Start of Block

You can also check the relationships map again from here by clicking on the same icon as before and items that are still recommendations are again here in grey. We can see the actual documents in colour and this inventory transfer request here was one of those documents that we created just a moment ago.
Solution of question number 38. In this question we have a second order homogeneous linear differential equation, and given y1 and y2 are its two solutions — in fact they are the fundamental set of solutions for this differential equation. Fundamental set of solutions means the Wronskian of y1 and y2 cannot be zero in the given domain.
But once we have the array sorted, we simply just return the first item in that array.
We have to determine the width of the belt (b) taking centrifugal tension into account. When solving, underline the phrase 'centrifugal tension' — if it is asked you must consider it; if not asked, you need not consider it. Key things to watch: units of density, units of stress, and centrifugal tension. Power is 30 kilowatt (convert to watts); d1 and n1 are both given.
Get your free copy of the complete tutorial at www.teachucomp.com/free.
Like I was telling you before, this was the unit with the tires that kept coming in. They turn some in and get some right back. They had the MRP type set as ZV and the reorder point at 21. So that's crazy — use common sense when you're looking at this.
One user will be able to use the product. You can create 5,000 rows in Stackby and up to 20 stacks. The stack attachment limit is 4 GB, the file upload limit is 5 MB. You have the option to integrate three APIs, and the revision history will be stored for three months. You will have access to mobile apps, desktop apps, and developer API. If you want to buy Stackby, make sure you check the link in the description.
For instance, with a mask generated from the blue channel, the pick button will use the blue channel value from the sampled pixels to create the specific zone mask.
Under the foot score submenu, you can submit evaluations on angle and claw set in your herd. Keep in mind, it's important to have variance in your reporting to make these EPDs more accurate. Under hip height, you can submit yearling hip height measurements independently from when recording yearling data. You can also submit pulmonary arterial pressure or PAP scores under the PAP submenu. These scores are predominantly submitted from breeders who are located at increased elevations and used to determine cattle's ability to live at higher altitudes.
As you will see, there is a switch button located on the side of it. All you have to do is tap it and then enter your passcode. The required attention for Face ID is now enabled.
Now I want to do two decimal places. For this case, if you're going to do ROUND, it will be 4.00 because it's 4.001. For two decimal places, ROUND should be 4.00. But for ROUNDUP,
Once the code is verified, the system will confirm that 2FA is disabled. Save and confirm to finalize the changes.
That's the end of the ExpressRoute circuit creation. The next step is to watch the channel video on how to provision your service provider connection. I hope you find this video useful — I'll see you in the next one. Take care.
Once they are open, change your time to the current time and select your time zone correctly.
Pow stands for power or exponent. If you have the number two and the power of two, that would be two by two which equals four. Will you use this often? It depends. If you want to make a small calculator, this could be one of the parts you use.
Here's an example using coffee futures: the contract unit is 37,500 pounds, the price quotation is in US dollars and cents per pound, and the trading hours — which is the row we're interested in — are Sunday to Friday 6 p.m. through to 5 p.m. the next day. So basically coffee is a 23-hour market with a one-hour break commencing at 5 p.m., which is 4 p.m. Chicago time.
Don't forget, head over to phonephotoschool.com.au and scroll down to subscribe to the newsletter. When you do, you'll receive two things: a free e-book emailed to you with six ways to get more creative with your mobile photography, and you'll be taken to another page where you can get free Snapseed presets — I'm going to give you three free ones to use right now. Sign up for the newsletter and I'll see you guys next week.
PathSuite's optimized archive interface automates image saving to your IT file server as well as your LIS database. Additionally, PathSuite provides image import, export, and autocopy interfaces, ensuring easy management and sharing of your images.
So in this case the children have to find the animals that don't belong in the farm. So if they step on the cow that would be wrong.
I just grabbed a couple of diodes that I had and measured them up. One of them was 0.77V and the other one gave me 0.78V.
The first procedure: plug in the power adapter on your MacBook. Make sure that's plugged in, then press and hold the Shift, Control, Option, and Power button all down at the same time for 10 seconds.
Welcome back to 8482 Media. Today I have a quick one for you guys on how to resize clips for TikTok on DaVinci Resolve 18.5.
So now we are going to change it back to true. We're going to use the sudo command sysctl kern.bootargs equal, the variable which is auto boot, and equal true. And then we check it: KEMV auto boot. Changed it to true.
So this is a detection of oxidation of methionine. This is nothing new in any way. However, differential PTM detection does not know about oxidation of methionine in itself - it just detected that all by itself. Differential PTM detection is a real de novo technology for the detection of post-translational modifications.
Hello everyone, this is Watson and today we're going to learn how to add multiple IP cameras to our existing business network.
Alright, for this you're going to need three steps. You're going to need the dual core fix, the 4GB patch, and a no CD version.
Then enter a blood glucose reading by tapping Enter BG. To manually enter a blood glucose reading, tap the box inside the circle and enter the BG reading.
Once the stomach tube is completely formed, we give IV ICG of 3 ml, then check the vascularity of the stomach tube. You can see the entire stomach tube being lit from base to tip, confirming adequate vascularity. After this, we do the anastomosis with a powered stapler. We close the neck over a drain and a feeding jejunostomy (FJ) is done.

End of Block

* Instructions for the task:
Identify the lines of the entries containing the string "guys". Copy each such line.

* Problem solution:
Don't forget, head over to phonephotoschool.com.au and scroll down to subscribe to the newsletter. When you do, you'll receive two things: a free e-book emailed to you with six ways to get more creative with your mobile photography, and you'll be taken to another page where you can get free Snapseed presets — I'm going to give you three free ones to use right now. Sign up for the newsletter and I'll see you guys next week.
Welcome back to 8482 Media. Today I have a quick one for you guys on how to resize clips for TikTok on DaVinci Resolve 18.5.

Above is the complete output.